_WORK TO BE COMPLETED_.
Among the lines below, take the one holding "The rollator is", the one holding "You can also put", and all lines between them. Set them down exactly.

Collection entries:

┄┄┄┄┄┄┄┄┄┄┄┄┄┄┄┄┄┄┄┄

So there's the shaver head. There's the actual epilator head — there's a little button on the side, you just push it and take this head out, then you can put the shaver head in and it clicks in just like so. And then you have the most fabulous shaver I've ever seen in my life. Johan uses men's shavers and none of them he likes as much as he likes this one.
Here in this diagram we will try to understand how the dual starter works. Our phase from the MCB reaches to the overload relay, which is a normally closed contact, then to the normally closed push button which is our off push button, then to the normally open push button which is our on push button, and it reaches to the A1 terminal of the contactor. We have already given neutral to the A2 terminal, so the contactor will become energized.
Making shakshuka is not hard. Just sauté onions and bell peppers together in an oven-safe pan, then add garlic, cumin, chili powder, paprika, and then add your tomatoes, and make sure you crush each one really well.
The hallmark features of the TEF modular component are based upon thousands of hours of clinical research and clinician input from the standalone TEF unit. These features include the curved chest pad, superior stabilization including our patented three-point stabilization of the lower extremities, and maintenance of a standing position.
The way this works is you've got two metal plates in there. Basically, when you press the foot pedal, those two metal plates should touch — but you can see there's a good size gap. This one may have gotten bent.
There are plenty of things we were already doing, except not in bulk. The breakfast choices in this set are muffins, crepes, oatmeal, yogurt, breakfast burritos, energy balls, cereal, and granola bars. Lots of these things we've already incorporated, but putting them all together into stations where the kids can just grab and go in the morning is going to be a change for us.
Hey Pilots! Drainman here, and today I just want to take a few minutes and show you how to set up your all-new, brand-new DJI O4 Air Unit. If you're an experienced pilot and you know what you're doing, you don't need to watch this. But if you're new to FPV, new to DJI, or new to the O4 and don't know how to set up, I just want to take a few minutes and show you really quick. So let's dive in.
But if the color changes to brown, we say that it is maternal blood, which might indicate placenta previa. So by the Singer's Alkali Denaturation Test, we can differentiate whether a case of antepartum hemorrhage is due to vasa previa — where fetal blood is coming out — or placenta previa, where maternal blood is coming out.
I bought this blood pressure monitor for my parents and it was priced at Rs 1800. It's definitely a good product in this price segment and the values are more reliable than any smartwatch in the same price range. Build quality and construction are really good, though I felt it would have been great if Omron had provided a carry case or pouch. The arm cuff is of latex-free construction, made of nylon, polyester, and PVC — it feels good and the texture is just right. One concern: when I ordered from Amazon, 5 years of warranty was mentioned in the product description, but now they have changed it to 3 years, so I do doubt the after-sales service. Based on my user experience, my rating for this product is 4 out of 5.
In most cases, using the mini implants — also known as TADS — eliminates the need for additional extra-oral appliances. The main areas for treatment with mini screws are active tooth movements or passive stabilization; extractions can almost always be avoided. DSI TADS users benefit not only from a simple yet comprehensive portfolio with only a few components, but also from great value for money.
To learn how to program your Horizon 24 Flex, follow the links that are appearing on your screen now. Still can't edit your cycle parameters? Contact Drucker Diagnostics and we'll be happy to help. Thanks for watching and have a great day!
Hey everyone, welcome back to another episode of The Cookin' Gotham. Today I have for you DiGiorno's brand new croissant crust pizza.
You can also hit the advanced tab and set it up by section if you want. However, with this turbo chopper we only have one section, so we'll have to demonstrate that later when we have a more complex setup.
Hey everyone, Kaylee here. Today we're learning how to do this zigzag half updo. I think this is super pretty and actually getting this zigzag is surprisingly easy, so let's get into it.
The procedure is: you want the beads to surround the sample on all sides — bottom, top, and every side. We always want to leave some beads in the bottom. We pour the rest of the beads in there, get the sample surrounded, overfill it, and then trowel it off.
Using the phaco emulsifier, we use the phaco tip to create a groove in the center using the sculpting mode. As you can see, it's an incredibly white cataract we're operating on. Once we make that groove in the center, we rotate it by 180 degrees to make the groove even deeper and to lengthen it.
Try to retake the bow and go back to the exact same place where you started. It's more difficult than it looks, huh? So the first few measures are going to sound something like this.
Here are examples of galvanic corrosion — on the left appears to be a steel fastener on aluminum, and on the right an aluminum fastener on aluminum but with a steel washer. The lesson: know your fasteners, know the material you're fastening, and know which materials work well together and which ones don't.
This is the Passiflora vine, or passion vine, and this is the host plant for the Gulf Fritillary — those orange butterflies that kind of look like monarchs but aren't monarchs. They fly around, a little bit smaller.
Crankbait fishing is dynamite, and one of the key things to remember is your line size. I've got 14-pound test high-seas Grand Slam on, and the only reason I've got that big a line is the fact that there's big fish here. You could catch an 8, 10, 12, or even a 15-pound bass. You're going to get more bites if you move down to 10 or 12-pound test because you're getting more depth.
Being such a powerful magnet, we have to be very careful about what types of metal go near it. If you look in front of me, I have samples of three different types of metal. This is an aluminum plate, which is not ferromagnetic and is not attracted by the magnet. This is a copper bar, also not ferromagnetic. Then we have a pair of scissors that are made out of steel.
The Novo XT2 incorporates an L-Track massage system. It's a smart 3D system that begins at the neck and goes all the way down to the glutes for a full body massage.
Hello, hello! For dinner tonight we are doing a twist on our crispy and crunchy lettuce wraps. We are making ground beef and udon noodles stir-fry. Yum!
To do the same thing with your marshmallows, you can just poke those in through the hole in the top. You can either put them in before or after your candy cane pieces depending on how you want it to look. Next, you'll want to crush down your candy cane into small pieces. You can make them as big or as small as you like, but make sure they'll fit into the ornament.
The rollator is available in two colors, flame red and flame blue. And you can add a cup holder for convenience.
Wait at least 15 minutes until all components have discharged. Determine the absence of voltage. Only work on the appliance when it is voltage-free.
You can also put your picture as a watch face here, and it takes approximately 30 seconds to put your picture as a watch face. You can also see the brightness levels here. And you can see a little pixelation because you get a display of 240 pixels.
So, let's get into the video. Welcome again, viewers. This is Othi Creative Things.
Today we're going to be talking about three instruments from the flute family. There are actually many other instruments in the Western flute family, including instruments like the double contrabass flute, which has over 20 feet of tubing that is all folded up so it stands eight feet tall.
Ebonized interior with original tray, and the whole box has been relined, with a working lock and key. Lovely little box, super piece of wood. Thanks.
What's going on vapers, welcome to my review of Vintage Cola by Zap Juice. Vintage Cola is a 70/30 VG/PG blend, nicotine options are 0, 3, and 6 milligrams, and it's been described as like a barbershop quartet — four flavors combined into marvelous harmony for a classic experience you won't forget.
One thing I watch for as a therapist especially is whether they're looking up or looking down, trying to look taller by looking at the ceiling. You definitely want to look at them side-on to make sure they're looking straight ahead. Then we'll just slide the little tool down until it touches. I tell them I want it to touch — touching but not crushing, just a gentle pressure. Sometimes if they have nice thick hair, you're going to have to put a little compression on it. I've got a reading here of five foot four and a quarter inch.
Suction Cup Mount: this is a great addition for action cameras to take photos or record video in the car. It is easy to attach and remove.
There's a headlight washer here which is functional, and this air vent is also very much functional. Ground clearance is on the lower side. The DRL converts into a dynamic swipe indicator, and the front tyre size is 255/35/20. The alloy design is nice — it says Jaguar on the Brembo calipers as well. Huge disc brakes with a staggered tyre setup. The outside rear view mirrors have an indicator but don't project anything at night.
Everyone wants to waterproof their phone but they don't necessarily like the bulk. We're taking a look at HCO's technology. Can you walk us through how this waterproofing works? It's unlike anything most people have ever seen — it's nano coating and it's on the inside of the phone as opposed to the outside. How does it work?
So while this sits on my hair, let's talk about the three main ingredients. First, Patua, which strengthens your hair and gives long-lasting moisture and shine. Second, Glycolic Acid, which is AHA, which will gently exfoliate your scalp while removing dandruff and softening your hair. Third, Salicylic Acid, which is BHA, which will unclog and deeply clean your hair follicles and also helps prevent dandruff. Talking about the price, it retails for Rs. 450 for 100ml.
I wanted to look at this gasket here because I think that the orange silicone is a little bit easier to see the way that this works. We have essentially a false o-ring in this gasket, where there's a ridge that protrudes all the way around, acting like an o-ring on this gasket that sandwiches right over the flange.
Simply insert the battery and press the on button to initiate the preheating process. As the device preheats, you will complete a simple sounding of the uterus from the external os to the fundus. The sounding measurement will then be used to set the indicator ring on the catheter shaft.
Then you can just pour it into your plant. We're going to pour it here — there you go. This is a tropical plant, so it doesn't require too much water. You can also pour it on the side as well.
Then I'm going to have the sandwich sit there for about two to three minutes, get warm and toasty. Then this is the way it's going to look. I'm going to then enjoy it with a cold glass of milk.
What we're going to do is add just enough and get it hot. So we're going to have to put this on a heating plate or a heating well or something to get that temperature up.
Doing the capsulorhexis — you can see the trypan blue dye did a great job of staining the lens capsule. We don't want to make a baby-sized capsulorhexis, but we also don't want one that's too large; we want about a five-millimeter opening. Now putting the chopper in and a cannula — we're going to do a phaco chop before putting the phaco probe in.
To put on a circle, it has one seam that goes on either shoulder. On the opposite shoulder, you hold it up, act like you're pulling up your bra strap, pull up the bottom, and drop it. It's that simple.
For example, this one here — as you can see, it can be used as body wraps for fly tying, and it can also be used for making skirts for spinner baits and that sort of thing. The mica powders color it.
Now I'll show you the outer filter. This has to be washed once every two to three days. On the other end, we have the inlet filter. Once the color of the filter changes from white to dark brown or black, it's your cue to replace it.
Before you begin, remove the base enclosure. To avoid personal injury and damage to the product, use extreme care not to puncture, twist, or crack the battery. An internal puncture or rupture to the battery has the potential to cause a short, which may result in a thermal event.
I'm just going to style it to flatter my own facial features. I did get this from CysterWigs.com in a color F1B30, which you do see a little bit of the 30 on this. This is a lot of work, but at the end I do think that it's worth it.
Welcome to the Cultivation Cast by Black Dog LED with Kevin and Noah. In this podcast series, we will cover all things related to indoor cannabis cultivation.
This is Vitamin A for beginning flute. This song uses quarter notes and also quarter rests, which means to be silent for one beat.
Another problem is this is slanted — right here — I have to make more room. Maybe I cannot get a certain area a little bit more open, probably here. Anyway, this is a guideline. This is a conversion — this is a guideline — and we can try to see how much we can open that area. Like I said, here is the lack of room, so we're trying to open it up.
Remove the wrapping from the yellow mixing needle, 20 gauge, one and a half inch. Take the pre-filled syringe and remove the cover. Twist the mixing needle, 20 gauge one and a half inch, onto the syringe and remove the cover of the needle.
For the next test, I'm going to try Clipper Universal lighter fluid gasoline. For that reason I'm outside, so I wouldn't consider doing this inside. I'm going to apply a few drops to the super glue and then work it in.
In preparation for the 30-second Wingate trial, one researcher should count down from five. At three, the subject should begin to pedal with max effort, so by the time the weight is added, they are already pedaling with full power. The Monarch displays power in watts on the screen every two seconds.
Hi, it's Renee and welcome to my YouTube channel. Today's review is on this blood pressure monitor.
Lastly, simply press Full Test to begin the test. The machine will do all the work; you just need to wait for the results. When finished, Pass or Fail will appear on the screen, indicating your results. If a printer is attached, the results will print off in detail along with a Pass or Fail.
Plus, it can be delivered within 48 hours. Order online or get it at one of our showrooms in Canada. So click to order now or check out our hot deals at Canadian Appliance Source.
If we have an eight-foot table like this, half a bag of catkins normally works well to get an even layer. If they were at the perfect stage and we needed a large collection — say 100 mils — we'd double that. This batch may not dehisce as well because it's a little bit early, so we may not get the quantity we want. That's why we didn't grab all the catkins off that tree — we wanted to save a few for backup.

┄┄┄┄┄┄┄┄┄┄┄┄┄┄┄┄┄┄┄┄

_TASK OUTPUT_.
The rollator is available in two colors, flame red and flame blue. And you can add a cup holder for convenience.
Wait at least 15 minutes until all components have discharged. Determine the absence of voltage. Only work on the appliance when it is voltage-free.
You can also put your picture as a watch face here, and it takes approximately 30 seconds to put your picture as a watch face. You can also see the brightness levels here. And you can see a little pixelation because you get a display of 240 pixels.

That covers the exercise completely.